For a flow of an incompressible viscous fluid under conservative body force, show that the vorticity equation is given by

$\frac{D\textbf{w}}{Dt}=(\textbf{w}.\triangledown)\textbf{v}+v\triangledown^2\textbf{w}$                  (10.14.44)

Deduce the following.
(i) If $curl\ \textbf{w}=\triangledown£$, equation (10.14.44) becomes

$\frac{D\textbf{w}}{Dt}=(\textbf{w}.\triangledown)\textbf{v}$                      (10.14.45)
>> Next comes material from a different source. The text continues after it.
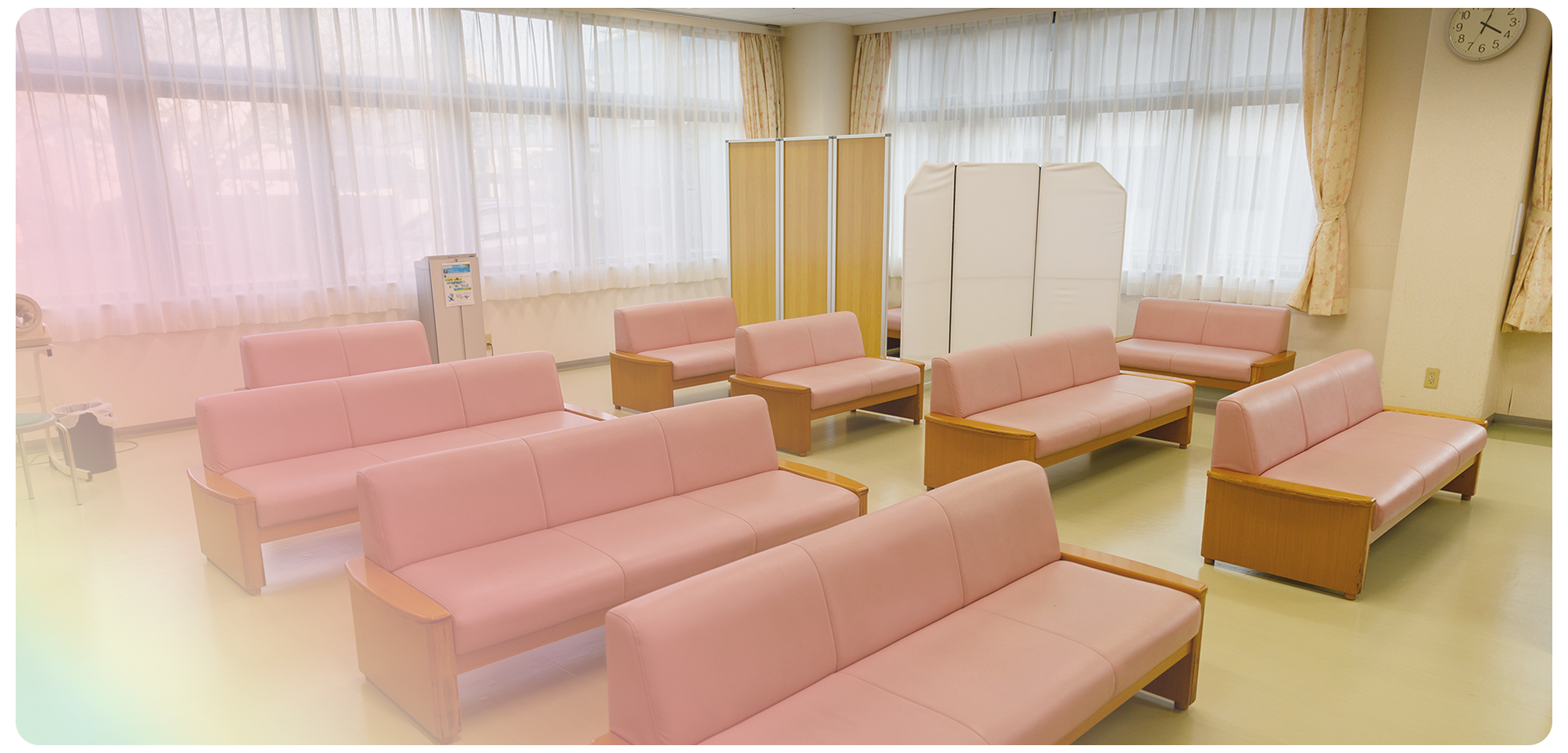 グループホーム高須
(ii) If the motion is two-dimensional (where $v_{3}\equiv 0\ and\ v_{1}\ and\ v_{2}$ are independent of $x_{3}$), equation (10.14.44) reduces to

$\frac{Dw}{Dt}=v\triangledown^2w$                  (10.14.46)

where $w\equiv w_{3}$.
(iii) If the motion is two-dimensional and in circles with centers on $x_{3}$ axis, equation (10.14.46) reduces to

$\frac{\partial w}{\partial t}=v\triangledown^2w$                    (10.14.47)

## Verified Solution

For the given flow, the Navier-Stokes equation is given by (10.14.6) with $\textbf{b}=-\triangledown\chi$. Taking curl on both sides of this equation, we get

$v\triangledown^2\textbf{v}-\frac{1}{\rho}+\textbf{b}=\frac{D\textbf{v}}{Dt}$              (10.14.6)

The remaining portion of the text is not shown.